» Work order: Exactly as written, retype the listing below, omitting the pictures.

-- Provided records follows --

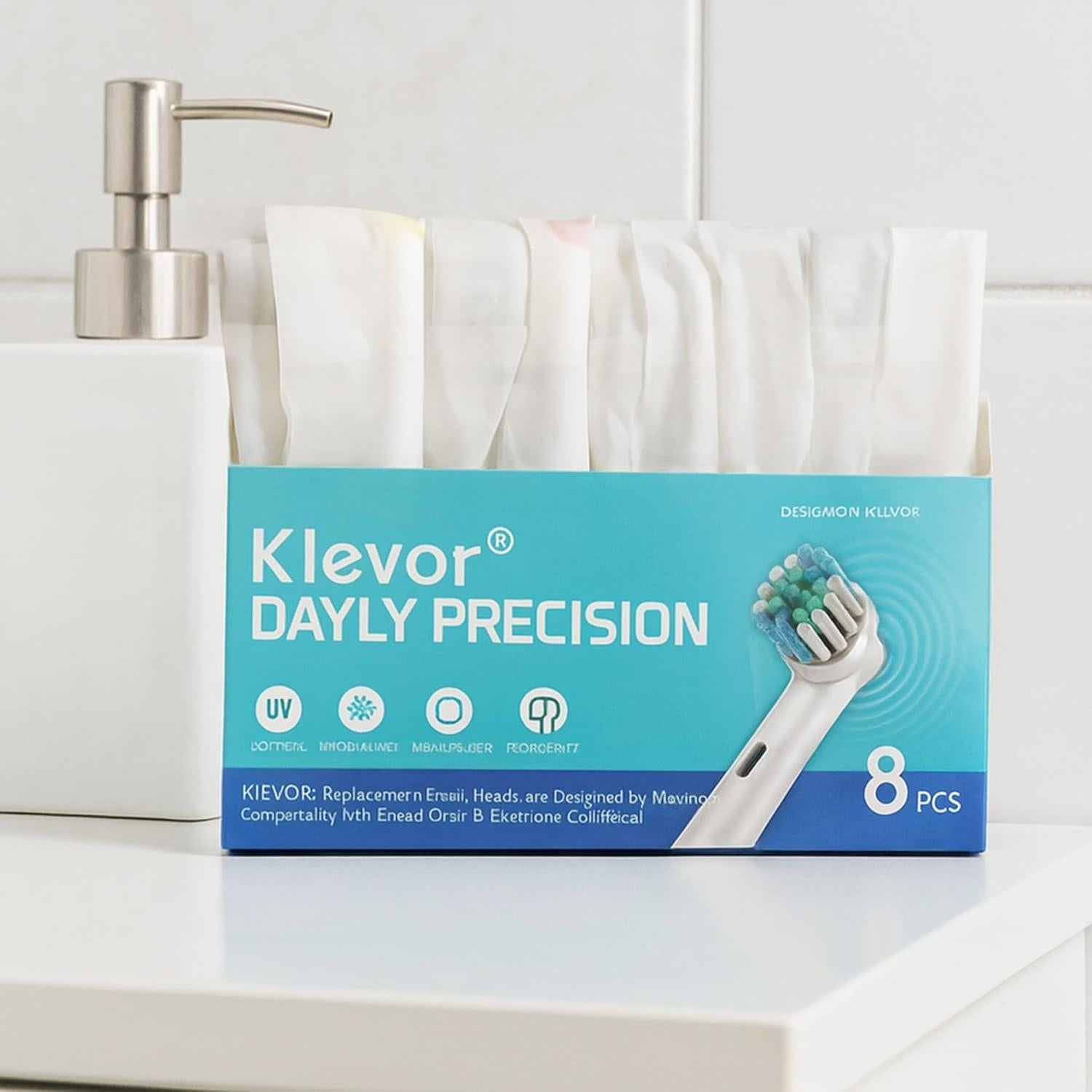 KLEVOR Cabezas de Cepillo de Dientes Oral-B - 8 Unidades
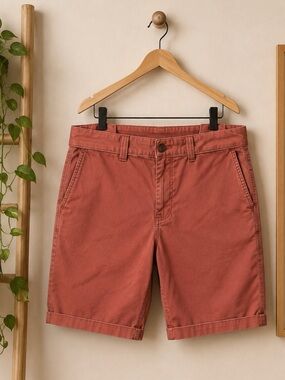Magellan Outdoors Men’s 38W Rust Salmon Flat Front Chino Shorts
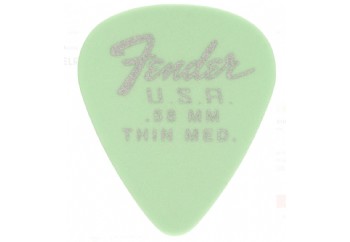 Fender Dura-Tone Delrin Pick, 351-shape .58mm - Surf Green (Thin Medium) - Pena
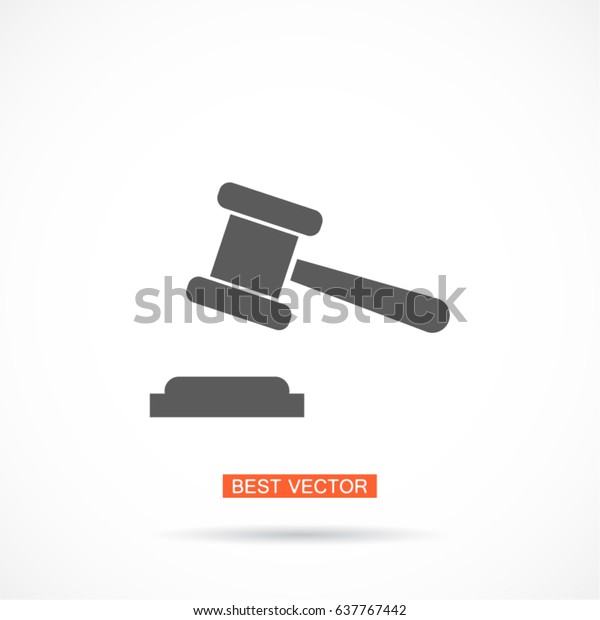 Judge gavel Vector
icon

-- Provided records concluded --

» Answer section:
 KLEVOR Cabezas de Cepillo de Dientes Oral-B - 8 Unidades
Magellan Outdoors Men’s 38W Rust Salmon Flat Front Chino Shorts
 Fender Dura-Tone Delrin Pick, 351-shape .58mm - Surf Green (Thin Medium) - Pena
 Judge gavel Vector
icon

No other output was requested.